时间:2022-05-17 10:13:03

理解公民道德

[摘要]作为公民伦理规范的公民道德,依据公民行为的范围和性质以及来自于生活领域的分域看待,即公民道德本身的不同侧重,可以区分为“公民的道德”与“(公民)公共道德”的双重意蕴。而公共领域因其所具有的公共性、自由开放性、交往实践性和商谈伦理性等精神特质,不但成为公民公共道德的真实存在之域,更与公共道德的价值期许之间有着融洽的契合与互动。而由公民道德的形上关照到形下践行,同样需要我们在对话的场域中给出理性而合理的看待,即公民道德的践行和提升,需要制度与法律的支持和保障,需要来自公民道德教育的长期努力,需要公民在文化传统体认基础之上的道德自觉。

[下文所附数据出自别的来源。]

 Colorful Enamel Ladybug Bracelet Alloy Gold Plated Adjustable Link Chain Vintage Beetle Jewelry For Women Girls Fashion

[关键词]公民道德 公共道德 公共领域 价值期许 践行维度

作为公民公共生活的重要调节体系,公民道德规范一直发挥着重要的价值引导作用。以2001年国家颁布的《公民道德建设实施纲要》为标志,更是将这一规范体系的内容系统化、建设明确化。但是,伴随着社会文化转型的不断纵深推进和生活领域的多维拓展,公民规范体系与公民行动之间、社会价值支持与价值期许之间的错位愈益明显。这使得生活领域变迁过程中,公共领域的探求和与之相应的公民道德体系更为丰富化与价值匹配化的研究成为必要,同时使得由之而来的“公民”与“道德”的对话成为可能。这种对话绝非“公民”加上“道德”的概念叠加,而是一种整体性的视野关照和视阈融合性论述,它不但对于理解今天的公民道德状况具有必要性,更凸显出公共领域拓展下公民参与公共生活的现实针对性和公民道德研究的理论深入性。

一、公民伦理规范的双重意蕴:

“公民的道德”与“(公民)公共道德”

一般来说,公民道德是指公民在社会公共生活和国家事务中,用以指导其行为的一系列道德规范和原则要求。作为一种公民性要求和公共性准则,这个概念本身蕴含了公民道德的两个要义。其一,公民道德的主体“公民”是概念理解的切入点,因为它界定了道德主体的身份属性,由此可以区分出私人交往领域中的私人性道德和一般群体性道德。而且,由于“公民”这一概念本身还内含了政治、法律和伦理在内的多重指向,是作为政治概念、法律概念或伦理概念而有着不同使用的,所以,如果说政治和法律上的公民概念解决了公民的所属,即,公民是什么的问题,那么伦理上的公民概念则指出公民应当怎么样的问题。其二,承接上述要义,指出了公民道德的话语背景,为概念的理解界定了场域和实质性指向,即现代公民道德更多指导的是我们的公共意识和公共行为,因此是一种公共道德体系和公共道德话语。理解和践行现代公民道德需要我们对当代道德生活的这种主题转换有必要的认识。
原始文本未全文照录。